Available data Start Marker
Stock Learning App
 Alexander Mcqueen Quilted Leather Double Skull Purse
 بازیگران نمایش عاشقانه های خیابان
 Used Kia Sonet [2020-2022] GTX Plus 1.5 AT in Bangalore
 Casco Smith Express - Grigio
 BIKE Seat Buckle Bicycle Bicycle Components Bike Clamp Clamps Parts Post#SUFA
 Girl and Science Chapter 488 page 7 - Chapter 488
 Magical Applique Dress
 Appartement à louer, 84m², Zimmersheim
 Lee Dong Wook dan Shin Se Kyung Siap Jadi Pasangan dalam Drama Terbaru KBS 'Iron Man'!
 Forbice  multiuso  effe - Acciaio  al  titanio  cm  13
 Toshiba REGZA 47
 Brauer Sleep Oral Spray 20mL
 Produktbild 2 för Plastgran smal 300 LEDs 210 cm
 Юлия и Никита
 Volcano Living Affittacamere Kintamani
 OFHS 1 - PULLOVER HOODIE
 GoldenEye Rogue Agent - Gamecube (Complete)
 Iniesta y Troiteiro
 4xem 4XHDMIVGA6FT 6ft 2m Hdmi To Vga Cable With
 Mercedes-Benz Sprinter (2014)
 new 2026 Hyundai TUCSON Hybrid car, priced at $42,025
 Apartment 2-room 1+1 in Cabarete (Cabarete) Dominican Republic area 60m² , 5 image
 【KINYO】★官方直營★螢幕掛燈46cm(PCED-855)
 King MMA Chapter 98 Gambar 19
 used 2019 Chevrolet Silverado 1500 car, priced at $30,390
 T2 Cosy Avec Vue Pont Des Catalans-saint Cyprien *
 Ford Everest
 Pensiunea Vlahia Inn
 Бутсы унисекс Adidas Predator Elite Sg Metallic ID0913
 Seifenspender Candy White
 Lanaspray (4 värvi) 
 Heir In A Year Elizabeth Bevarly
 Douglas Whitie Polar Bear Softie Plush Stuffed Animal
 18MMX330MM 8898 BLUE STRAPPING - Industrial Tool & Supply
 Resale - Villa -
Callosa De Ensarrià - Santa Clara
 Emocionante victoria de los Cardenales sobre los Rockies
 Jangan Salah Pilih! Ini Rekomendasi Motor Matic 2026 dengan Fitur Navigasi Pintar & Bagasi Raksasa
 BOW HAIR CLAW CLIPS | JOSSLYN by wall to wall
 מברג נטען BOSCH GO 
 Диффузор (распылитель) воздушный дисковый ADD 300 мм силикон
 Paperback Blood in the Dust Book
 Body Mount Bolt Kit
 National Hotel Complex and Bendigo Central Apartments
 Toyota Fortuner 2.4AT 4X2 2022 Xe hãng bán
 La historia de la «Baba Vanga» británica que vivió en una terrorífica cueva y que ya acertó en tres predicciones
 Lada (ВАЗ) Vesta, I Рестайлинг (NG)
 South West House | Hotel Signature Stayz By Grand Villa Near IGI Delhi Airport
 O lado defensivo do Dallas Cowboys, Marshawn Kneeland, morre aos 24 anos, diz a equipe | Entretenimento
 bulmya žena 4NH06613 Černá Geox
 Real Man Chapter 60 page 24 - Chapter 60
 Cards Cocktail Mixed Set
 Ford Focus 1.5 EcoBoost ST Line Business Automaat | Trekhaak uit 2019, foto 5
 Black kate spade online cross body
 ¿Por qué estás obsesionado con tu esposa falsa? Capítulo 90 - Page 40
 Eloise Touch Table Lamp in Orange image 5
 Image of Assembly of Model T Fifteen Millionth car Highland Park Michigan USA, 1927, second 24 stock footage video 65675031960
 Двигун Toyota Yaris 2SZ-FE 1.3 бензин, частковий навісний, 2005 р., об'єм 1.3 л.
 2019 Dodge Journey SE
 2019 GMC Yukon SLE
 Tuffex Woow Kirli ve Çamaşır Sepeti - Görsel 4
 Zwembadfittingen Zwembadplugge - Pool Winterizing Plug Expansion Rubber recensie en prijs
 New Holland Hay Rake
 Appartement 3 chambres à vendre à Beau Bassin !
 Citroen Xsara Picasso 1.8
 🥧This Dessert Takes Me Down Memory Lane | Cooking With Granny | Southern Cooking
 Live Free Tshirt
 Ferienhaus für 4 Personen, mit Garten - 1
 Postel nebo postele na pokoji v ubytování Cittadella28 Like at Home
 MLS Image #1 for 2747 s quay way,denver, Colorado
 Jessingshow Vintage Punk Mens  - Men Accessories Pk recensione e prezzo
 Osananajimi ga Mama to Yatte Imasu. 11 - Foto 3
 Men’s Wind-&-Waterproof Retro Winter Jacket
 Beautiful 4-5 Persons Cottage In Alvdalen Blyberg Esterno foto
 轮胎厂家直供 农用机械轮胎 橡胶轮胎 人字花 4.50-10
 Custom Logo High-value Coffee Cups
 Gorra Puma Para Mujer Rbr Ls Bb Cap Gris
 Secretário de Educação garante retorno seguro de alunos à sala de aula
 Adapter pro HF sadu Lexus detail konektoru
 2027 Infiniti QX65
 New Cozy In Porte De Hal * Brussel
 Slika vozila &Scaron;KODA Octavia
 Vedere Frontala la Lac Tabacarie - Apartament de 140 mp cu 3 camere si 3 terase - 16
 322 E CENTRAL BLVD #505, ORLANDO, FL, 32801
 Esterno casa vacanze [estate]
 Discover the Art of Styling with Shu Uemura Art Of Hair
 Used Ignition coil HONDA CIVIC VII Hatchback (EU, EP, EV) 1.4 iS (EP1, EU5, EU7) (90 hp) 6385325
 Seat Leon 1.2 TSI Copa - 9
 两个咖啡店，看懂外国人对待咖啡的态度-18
Available data End Marker
Directions for this task
Copy, please, every line from the start of the entries down to the line that holds "Toyota Fortuner 2.4AT 4X2 2022 Xe hãng bán", with both of those lines included and no others.

Finished task
Stock Learning App
 Alexander Mcqueen Quilted Leather Double Skull Purse
 بازیگران نمایش عاشقانه های خیابان
 Used Kia Sonet [2020-2022] GTX Plus 1.5 AT in Bangalore
 Casco Smith Express - Grigio
 BIKE Seat Buckle Bicycle Bicycle Components Bike Clamp Clamps Parts Post#SUFA
 Girl and Science Chapter 488 page 7 - Chapter 488
 Magical Applique Dress
 Appartement à louer, 84m², Zimmersheim
 Lee Dong Wook dan Shin Se Kyung Siap Jadi Pasangan dalam Drama Terbaru KBS 'Iron Man'!
 Forbice  multiuso  effe - Acciaio  al  titanio  cm  13
 Toshiba REGZA 47
 Brauer Sleep Oral Spray 20mL
 Produktbild 2 för Plastgran smal 300 LEDs 210 cm
 Юлия и Никита
 Volcano Living Affittacamere Kintamani
 OFHS 1 - PULLOVER HOODIE
 GoldenEye Rogue Agent - Gamecube (Complete)
 Iniesta y Troiteiro
 4xem 4XHDMIVGA6FT 6ft 2m Hdmi To Vga Cable With
 Mercedes-Benz Sprinter (2014)
 new 2026 Hyundai TUCSON Hybrid car, priced at $42,025
 Apartment 2-room 1+1 in Cabarete (Cabarete) Dominican Republic area 60m² , 5 image
 【KINYO】★官方直營★螢幕掛燈46cm(PCED-855)
 King MMA Chapter 98 Gambar 19
 used 2019 Chevrolet Silverado 1500 car, priced at $30,390
 T2 Cosy Avec Vue Pont Des Catalans-saint Cyprien *
 Ford Everest
 Pensiunea Vlahia Inn
 Бутсы унисекс Adidas Predator Elite Sg Metallic ID0913
 Seifenspender Candy White
 Lanaspray (4 värvi) 
 Heir In A Year Elizabeth Bevarly
 Douglas Whitie Polar Bear Softie Plush Stuffed Animal
 18MMX330MM 8898 BLUE STRAPPING - Industrial Tool & Supply
 Resale - Villa -
Callosa De Ensarrià - Santa Clara
 Emocionante victoria de los Cardenales sobre los Rockies
 Jangan Salah Pilih! Ini Rekomendasi Motor Matic 2026 dengan Fitur Navigasi Pintar & Bagasi Raksasa
 BOW HAIR CLAW CLIPS | JOSSLYN by wall to wall
 מברג נטען BOSCH GO 
 Диффузор (распылитель) воздушный дисковый ADD 300 мм силикон
 Paperback Blood in the Dust Book
 Body Mount Bolt Kit
 National Hotel Complex and Bendigo Central Apartments
 Toyota Fortuner 2.4AT 4X2 2022 Xe hãng bán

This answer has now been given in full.